Drop every image, then reproduce the data exactly as given.

--------------------

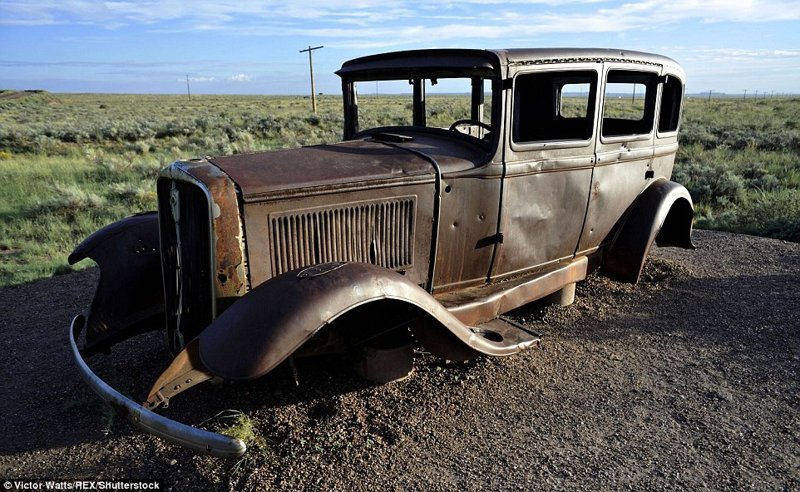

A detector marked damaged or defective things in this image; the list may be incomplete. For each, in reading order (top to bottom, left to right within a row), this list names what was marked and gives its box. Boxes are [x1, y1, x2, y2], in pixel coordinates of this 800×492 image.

rusted metal surface [69, 211, 162, 354]
detached fender [69, 210, 164, 354]
detached fender [198, 262, 520, 380]
rusty abandoned car [69, 48, 692, 456]
detached fender [608, 180, 692, 280]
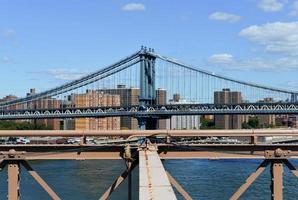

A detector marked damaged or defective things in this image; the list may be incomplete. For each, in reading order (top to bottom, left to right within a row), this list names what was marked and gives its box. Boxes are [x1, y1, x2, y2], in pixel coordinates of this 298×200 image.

rusty metal beam [21, 161, 61, 200]
rusty metal beam [99, 160, 138, 199]
rusty metal beam [165, 170, 193, 200]
rusty metal beam [229, 159, 268, 200]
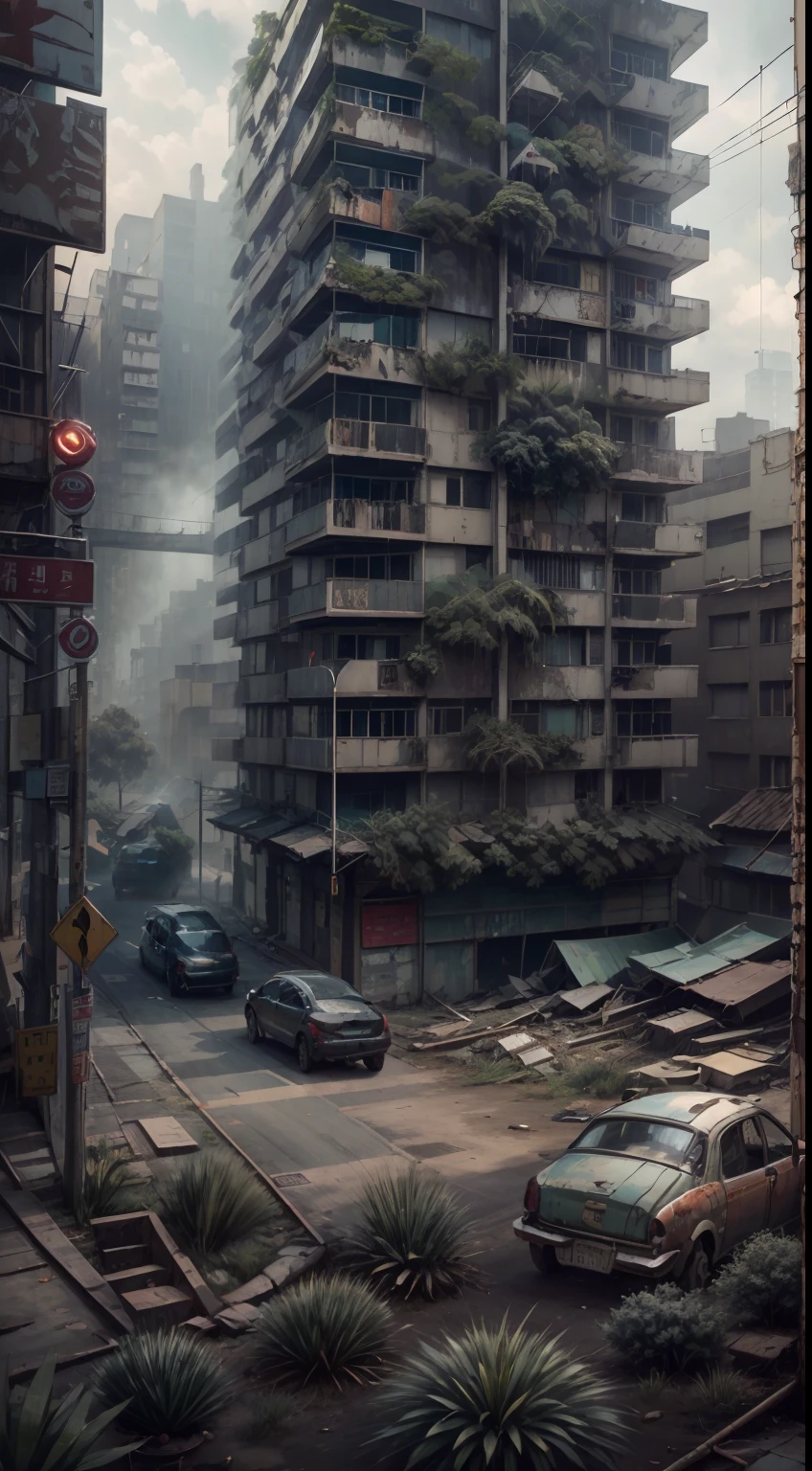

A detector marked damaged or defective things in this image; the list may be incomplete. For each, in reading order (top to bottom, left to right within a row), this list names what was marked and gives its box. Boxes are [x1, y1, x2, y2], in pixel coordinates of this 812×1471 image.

rusty metal sheet [0, 0, 102, 95]
rusty metal sheet [0, 89, 104, 251]
rusted car hood [538, 1147, 691, 1241]
rusty teal car [517, 1094, 800, 1288]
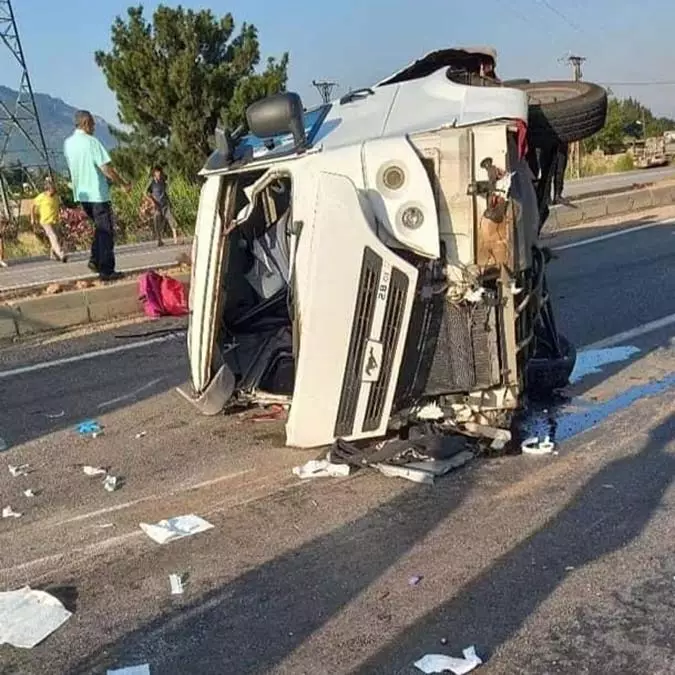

--------------------

__Solution for this task__
A detector marked damaged or defective things in this image; the list may be incomplete. For each, in reading order (top to bottom, left to right within a row), this list names what was marked and gives its box. Boxes are [x1, y1, x2, y2], in pixel coordinates of this 800×492 image.

rusted metal surface [69, 211, 162, 354]
detached fender [69, 210, 164, 354]
detached fender [198, 262, 520, 380]
rusty abandoned car [69, 48, 692, 456]
detached fender [608, 180, 692, 280]

A detector marked damaged or defective things in this image; the list may be incomplete. For each, in reading order (top to bottom, left to right within a row), this list names what was marked and gives its box. Boxes are [x1, y1, x2, y2], in pixel coordinates of this 298×200 image.

rusty metal beam [21, 161, 61, 200]
rusty metal beam [99, 160, 138, 199]
rusty metal beam [165, 170, 193, 200]
rusty metal beam [229, 159, 268, 200]

A detector marked damaged or defective things in this image; the list may be incomplete. For each, in reading order (top to bottom, left to right within a row), this list names what was marked and gives its box. Boxes are [x1, y1, x2, y2], in pixel coordinates of this 812×1471 image.

rusty metal sheet [0, 0, 102, 95]
rusty metal sheet [0, 89, 104, 251]
rusted car hood [538, 1147, 691, 1241]
rusty teal car [517, 1094, 800, 1288]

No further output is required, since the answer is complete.